§ **What is needed**: Only the records, exactly as written, belong in the answer; pictures do not.

§ **Extracted material**:
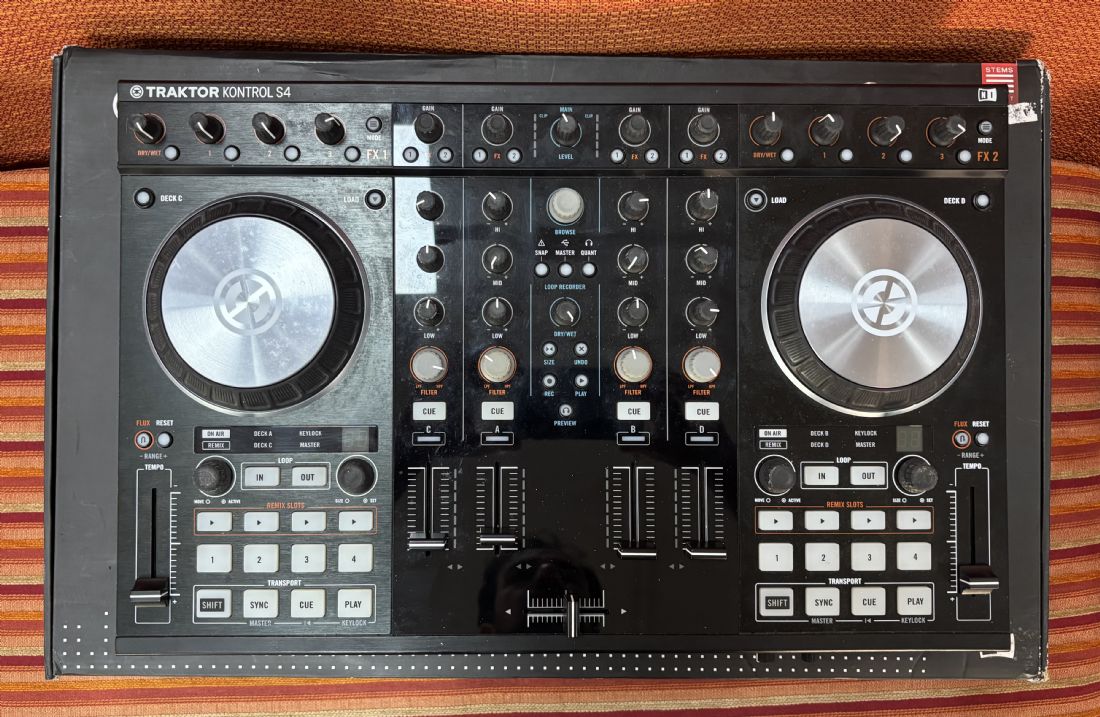 Native Instruments Traktor Kontrol S4 MK2 Controller midi 4
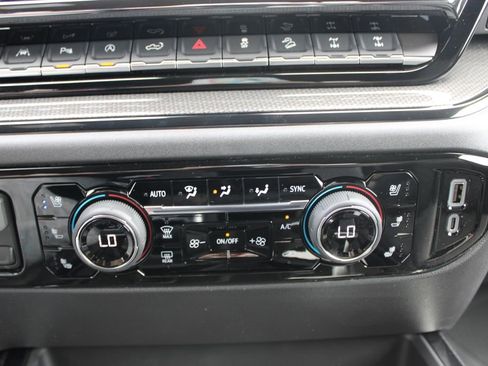 New 2026 Chevrolet Silverado 1500 ZR2 AWD/4WD image 42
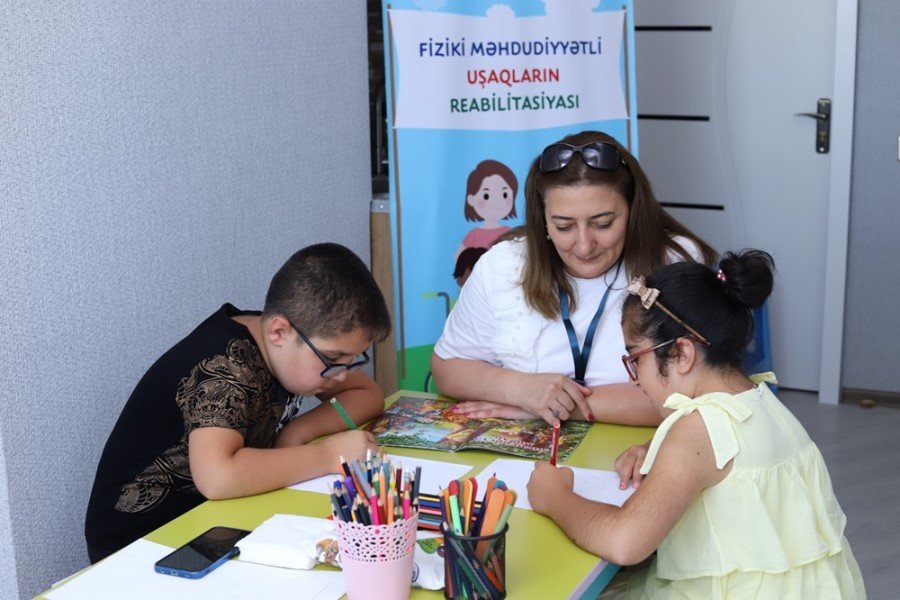 “Fiziki məhdudiyyətli uşaqların reabilitasiyası” layihənin icrası başa çatdı - FOTOLAR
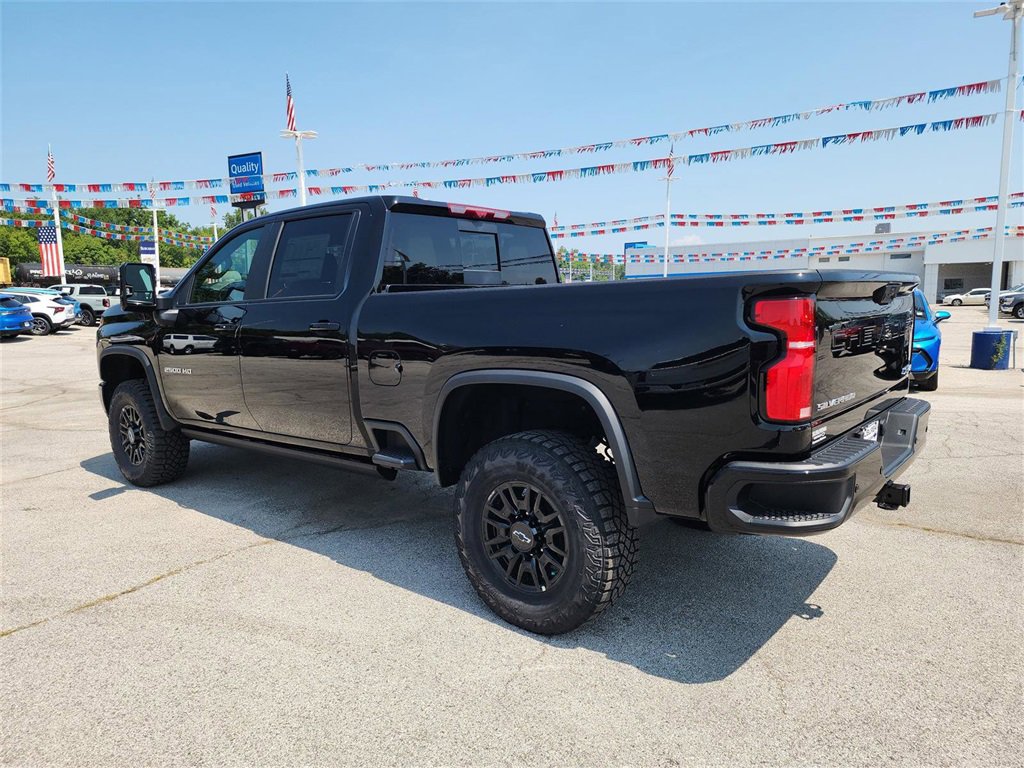 2025 Chevrolet Silverado 2500HD ZR2 photo 2
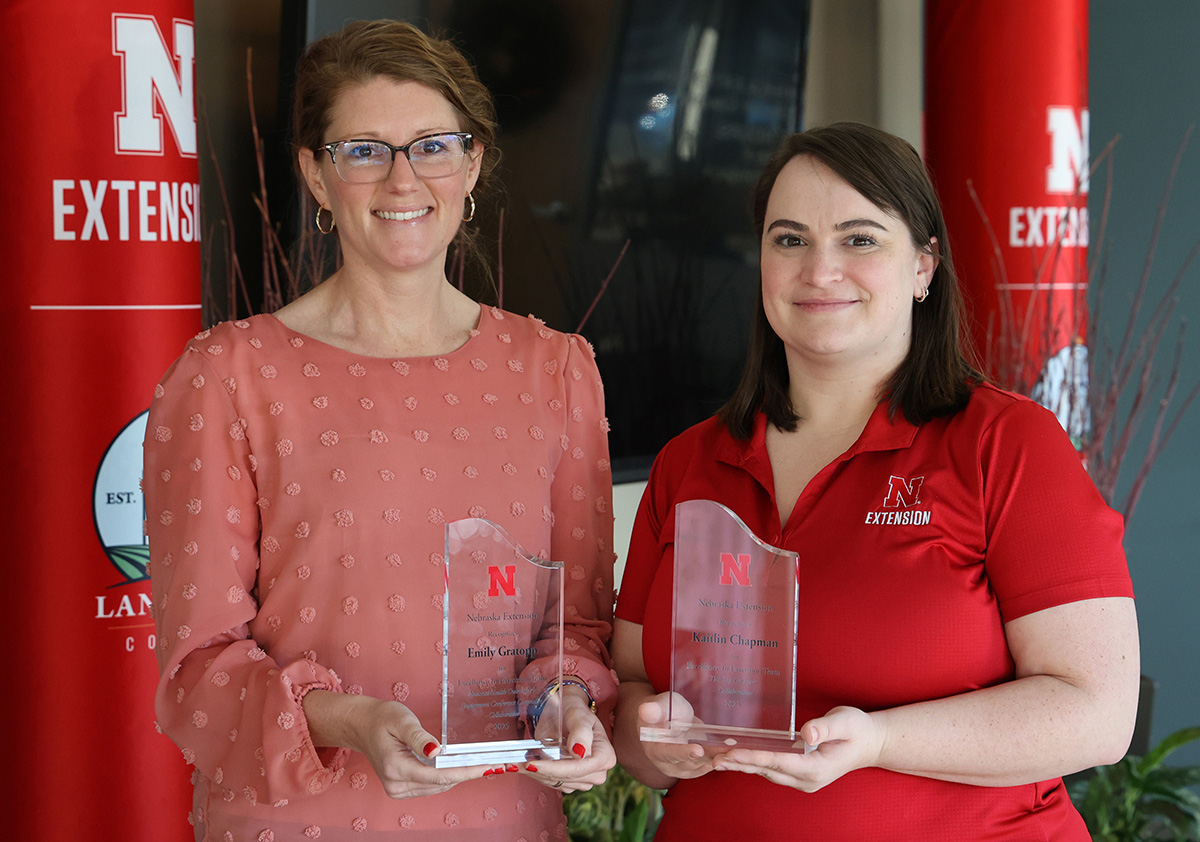 (L&ndash;R) Extension Educators Emily Gratopp and Kait Chapman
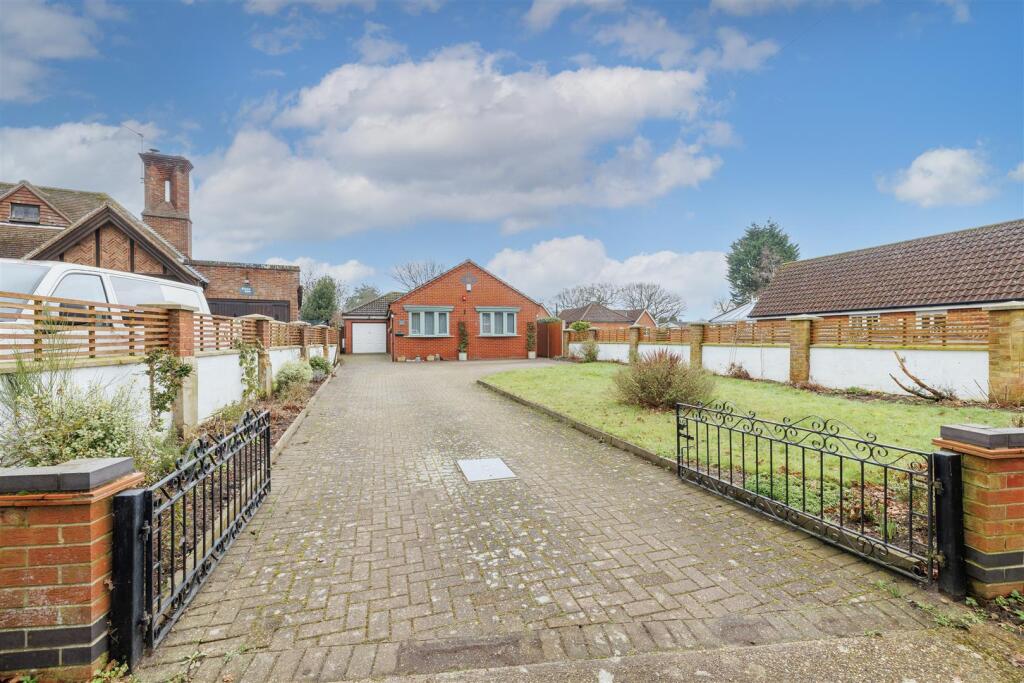 Main image of property: Hedgerow Bungalow, New Road, Fritton, Great Yarmouth, Norfolk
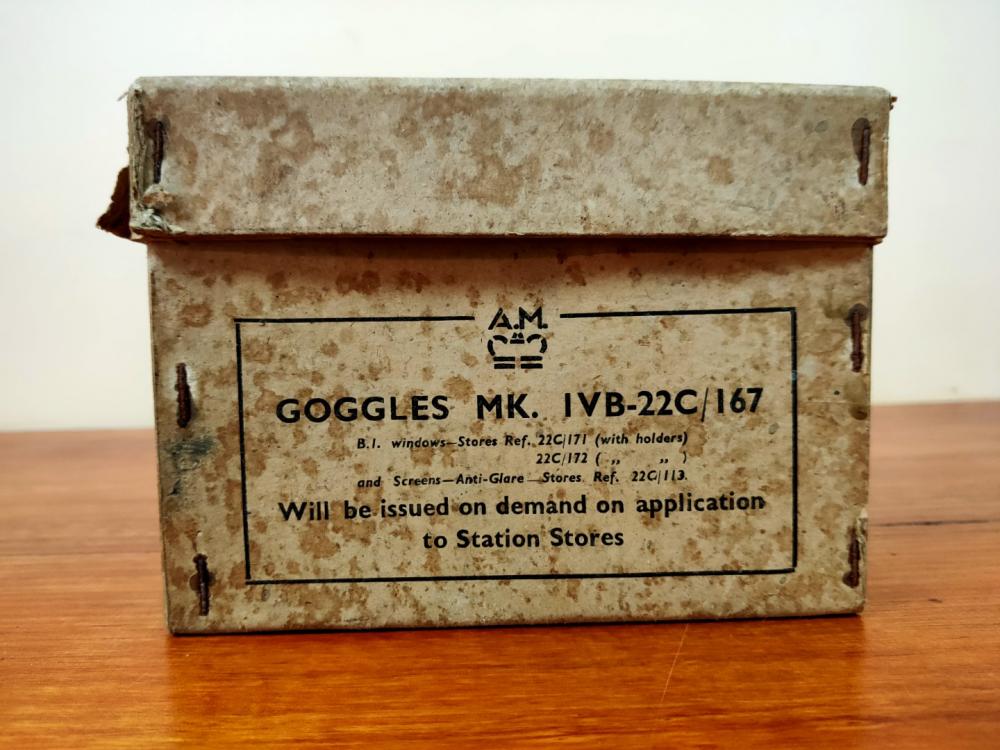 AVIATION: A pair of boxed RAF World War II pilot's flying goggles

§ **Answer section**:
 Native Instruments Traktor Kontrol S4 MK2 Controller midi 4
 New 2026 Chevrolet Silverado 1500 ZR2 AWD/4WD image 42
 “Fiziki məhdudiyyətli uşaqların reabilitasiyası” layihənin icrası başa çatdı - FOTOLAR
 2025 Chevrolet Silverado 2500HD ZR2 photo 2
 (L&ndash;R) Extension Educators Emily Gratopp and Kait Chapman
 Main image of property: Hedgerow Bungalow, New Road, Fritton, Great Yarmouth, Norfolk
 AVIATION: A pair of boxed RAF World War II pilot's flying goggles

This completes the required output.